On Monday I was at a meeting at MIT. When it broke up in the afternoon, I breathed a sigh of relief. The purpose of the meeting was to bring together lots of people who share science in one way or another–in museums, on Facebook, at street fairs, in books, and so on–and have them talk about what they saw in the future. Thankfully, I got to the end of the day without anyone stopping to say, “Now, we really need to talk about how blogging is going to change the landscape. Carl, maybe you could stand up and explain how blogs work?”

I had reason to dread this, because I’ve experienced variations of it over the years. People were wondering whether blogs were here to stay long after they had infiltrated the entire body of journalism. But it seems that, at long last, no one even thinks of blogs as something new and strange. And it felt particularly satisfying to me to go unbothered on that point this particular week. Because today marks the tenth anniversary of The Loom.
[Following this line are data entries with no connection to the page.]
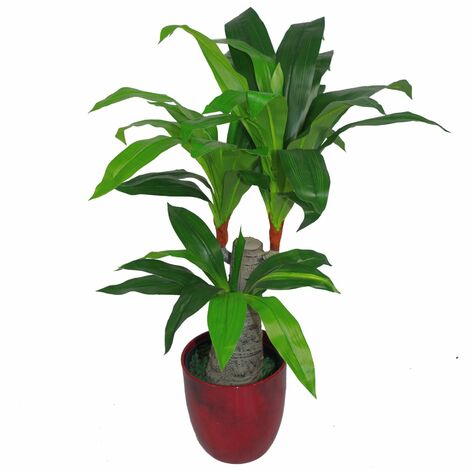 75cm Artificial Dracaena Plant - Wide Trunk Triple Branch Large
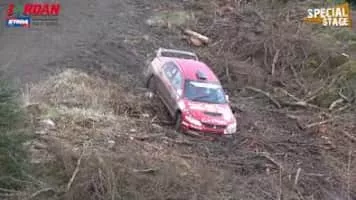 M. Wilson - Basketball player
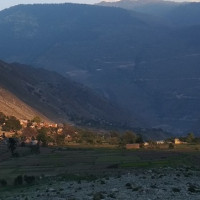 चालु आर्थिक वर्षमा धानको उत्पादन पाँच प्रतिशत बढ्यो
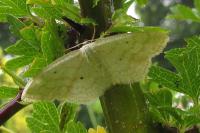 Scopula immutata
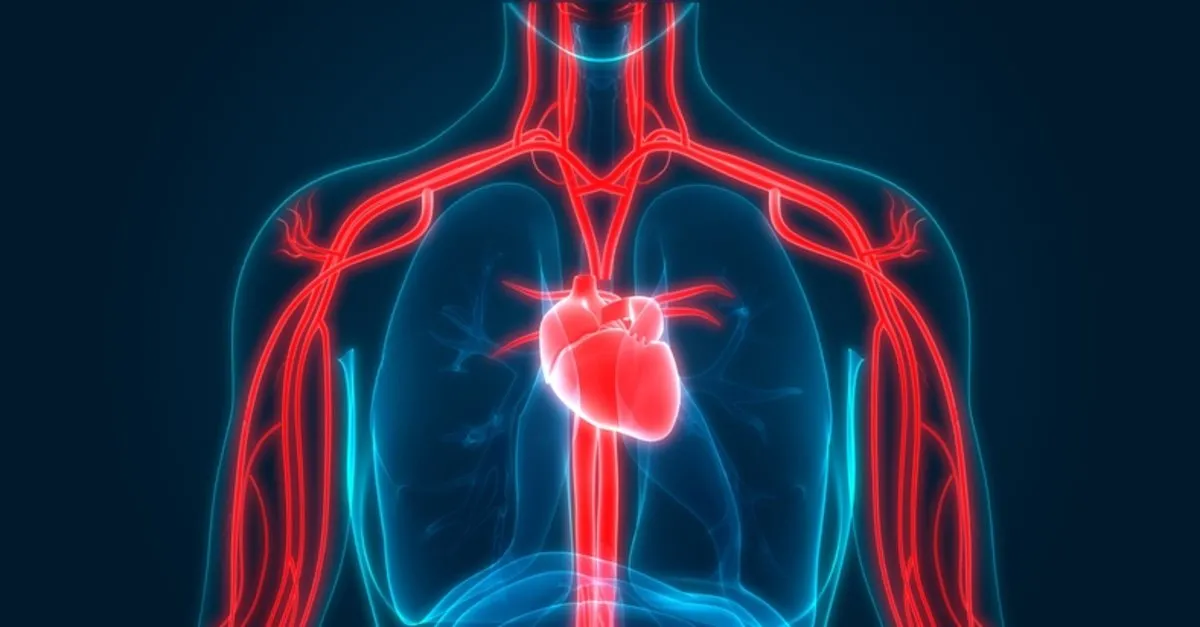 Anjiyo Nedir Anjiyografi Ameliyat Midir Iste Anjiyo Hakkinda Bilinmesi Gerekenler Saglik Haberleri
It’s hard to escape reflection when a ten-year anniversary rolls around. In 2003, starting a blog was still something people did as an experiment, or as a short-cut around traditional publishing, or as an open journal. Science blogs–the few that were around at that point, at least–were a mix of journal-club-like musings on new papers or righteous rants by scientists about bad reporting on science. As I got familiar with the software (because blogging is, when you get down to it, publishing software), I used it to write essays about science, toy with video, and find other ways to be a science writer than what I’d been doing up to then. (Like curating science tattoos.)
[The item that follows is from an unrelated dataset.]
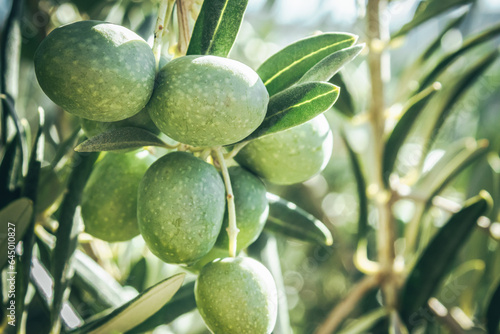 Closeup of green olives on an olive branch in Spain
I don’t think many people blogging about science in 2003 would have guessed at the upheavals that would sweep across journalism in the years that followed. I certainly didn’t. And I was also surprised at the vague suspicion that somehow we science bloggers were to blame for the shuttering of newspaper science sections across the country. I was even more surprised to find myself in journalism classrooms where teachers asked me to explain the laws of good science blogging. When I said that blogging was software, and that you could make up your own rules, my answer did not satisfy. Clearly, blogging had achieved a cultural heft if rules were now required.

Its peculiarity dwindled as big publications established their own blogs. But the online world was also concocting new ways to communicate (or waste time, depending on your view of such things). Twitter and other outlets lured people away who wanted to have public conversations but didn’t want to learn WordPress. (I will spare you the “In my day, you had to build your blog from twigs and paper clips!” rant.) Recently, some high-profile blogs shut down, and so now we’re getting routinely exposed to think-pieces declaring that blogging is dead.

Does that mean that the Loom at ten is a zombie publication? I don’t think so. And I think the “blogging is dead” meme overlooks how bloggy all journalism has become. While blogging is just software, it has fostered certain social behaviors–an informality, a personal voice, a willingness to hear other voices such as commenters, an interest to respond to those voices, and a dedication to backing up claims with evidence in the form of links. Those behaviors now extend far beyond publications that we arbitrarily identify as blogs.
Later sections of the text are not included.